Design of Novel Carbon-Carbon Bond Forming Processes
Our research program centers on the design, development and discovery of novel transition metal- and Lewis acid-promoted carbon-carbon bond forming processes for the enantio- and stereocontrolled synthesis of architecturally complex carbocycles and heterocycles with wide-ranging biological activities.
sp3-Geminal Organodimetallic Pd(II)/Main Group Metal Complexes: A major focus of our research program has centered on studying sp3-geminal organodimetallic palladium(II)/main group metal alkane complexes in synthesis. We have made significant advancements in the preparation of these reactive species and in establishing their distinct reactivity. Two approaches generating sp3-gem-dimetallic Pd(II)/main group metal alkane intermediates under catalytic conditions have been developed in our laboratories. We reported a catalytic entry into sp3-gem-organodimetallic iodopalladio-trialkylstannylalkane complexes by oxidative insertion of Pd(0) into the carbon-iodine bond of iodomethyltrialkylstannanes and established that these species exhibit carbenoid behavior. These results settled a long-standing debate on the cine substitution mechanism in the Stille coupling (Fillion, E.; Taylor, N. J. J. Am. Chem. Soc. 2003, 125, 12700-12701).
A second entry into sp3-geminal organodimetallic Pd(II)/main group metal complexes is via regioselective intramolecular carbopalladation of alkenyl metals. In the course of our studies on the carbopalladation of alkenyldimethyl alane derivatives, we discovered that (E)-2,2-disubstituted-1-alkenyldimethylalanes participate in 1,2-alkyl migration from aluminum to carbon with concomitant arylation at the 2-position when reacted intramolecularly with aryl iodides and triflates in the presence of a Pd(0) catalyst to furnish ethyl methyl substituted benzylic quaternary carbon centers (Fillion, E.; Carson, R. J.; Trépanier, V. E.; Goll, J. M.; Remorova, A. A. J. Am. Chem. Soc. 2004, 126, 15354-15355).

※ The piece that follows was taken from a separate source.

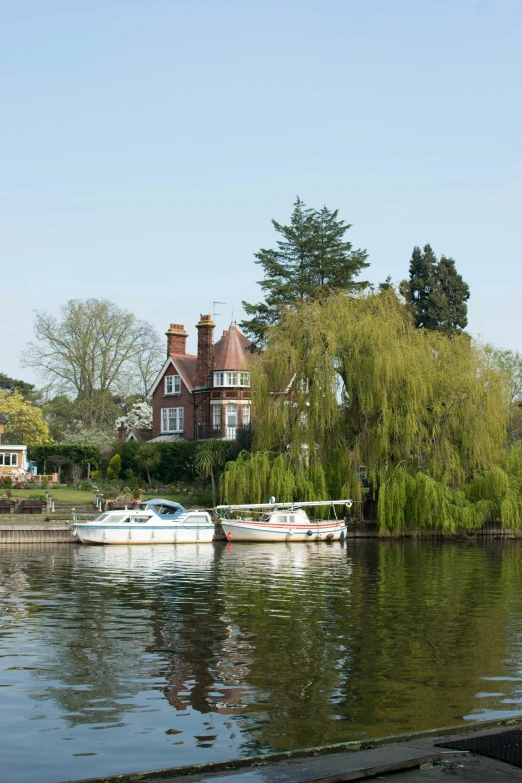 two boats moored in the water at a lake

Cataytic Friedel-Crafts Acylation and Alkylation Methods: We are also involved in the development of highly electrophilic acylating and alkylating agents with the objective of developing truly mild, catalytic and operationally simple Friedel-Crafts protocols. We have demonstrated that Meldrum’s acid derivatives are effective acylating agents in Friedel-Crafts reactions. 1-Benzocyclic ketones and their 2-alkyl analogs are conveniently fashioned from the metal triflate-catalyzed intramolecular Friedel-Crafts acylation of aromatics with 5-benzyl Meldrum’s acids. The protocol accommodates a wide variety of functional groups and has been applied to the synthesis of donepezil, a potent anti-Alzheimer drug [(a) Fillion, E.; Fishlock, D.; Wilsily, A.; Goll J. M. J. Org. Chem. 2005, 70, 1316-1327. (b) Fillion E.; Fishlock, D. Org. Lett. 2003, 5, 4653-4656].

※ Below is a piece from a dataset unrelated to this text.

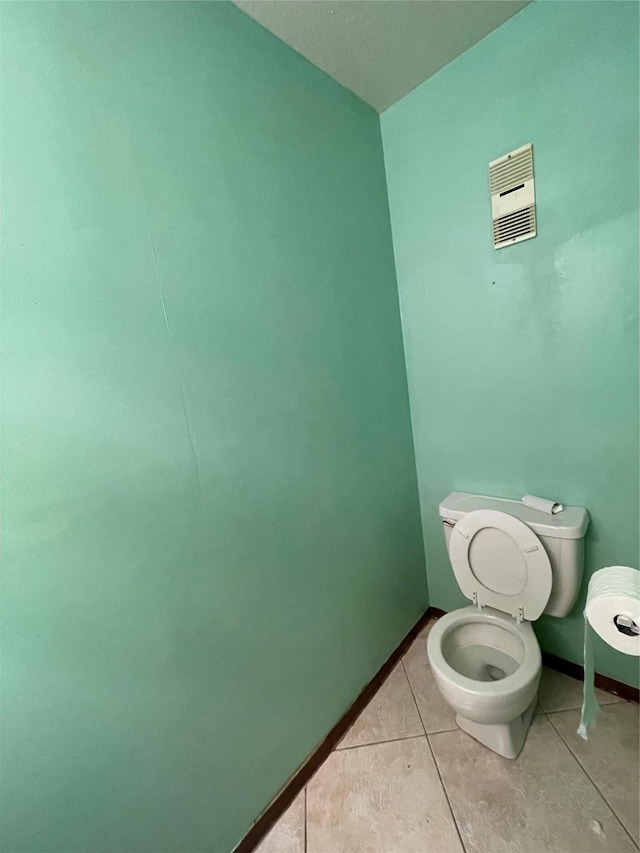 bathroom featuring tile patterned floors and toilet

The Yb(OTf)3-catalyzed annulation reactions of phenols with 5-alkylidene Meldrum’s acids enabled the synthesis of structurally diverse heterocycles in high isolated yields. A series of 4-substituted 3,4-dihydrocoumarins, 2,2-disubstituted 4-chromanones, coumarins, and 2-substituted chromones were readily and efficiently assembled, including the naturally occurring coumarins citropten, scoparone, and ayapin (Fillion, E.; Dumas, A. M.; Kuropatwa, B. A.; Malhotra, N. R.; Sitler, T. C. J. Org. Chem. In press).
As part of our studies on Friedel-Crafts reactions, the Lewis acid-promoted fragmentation of oxabicyclo [3.1.0] hexanones for the enantio- and stereocontrolled synthesis of 8-membered carbo- and heterocycles was investigated (Fillion, E; Beingessner, R. L. J. Org. Chem. 2003, 68, 9485-9488).
In addition to methodology development, our group has also been involved in the total synthesis of biologically relevant natural products. Taiwaniaquinol B, a diterpenoid exhibiting the uncommon fused 6-5-6 tricyclic carbon skeleton, has recently been prepared. Members of this family of natural products display aromatase inhibitory activity, which could lead to the development of valuable therapeutic agents in the treatment of estrogen-dependant cancers. A Lewis acid-promoted tandem intramolecular Friedel-Crafts/carbonyl a-tert-alkylation reaction has been exploited as the core strategy for the synthesis of the sterically congested 1-indanone-containing tricyclic structure (Fillion E.; Fishlock, D. J. Am. Chem. Soc. 2005, 127, 13144-13145).
Our research plans are to fully develop the synthetic potential of organodimetallic species and electrophilic Meldrum’s acids in catalytic carbon-carbon bond forming transformations. The scope of these transformations is under investigation and the synthesis of a variety of bioactive natural products in progress.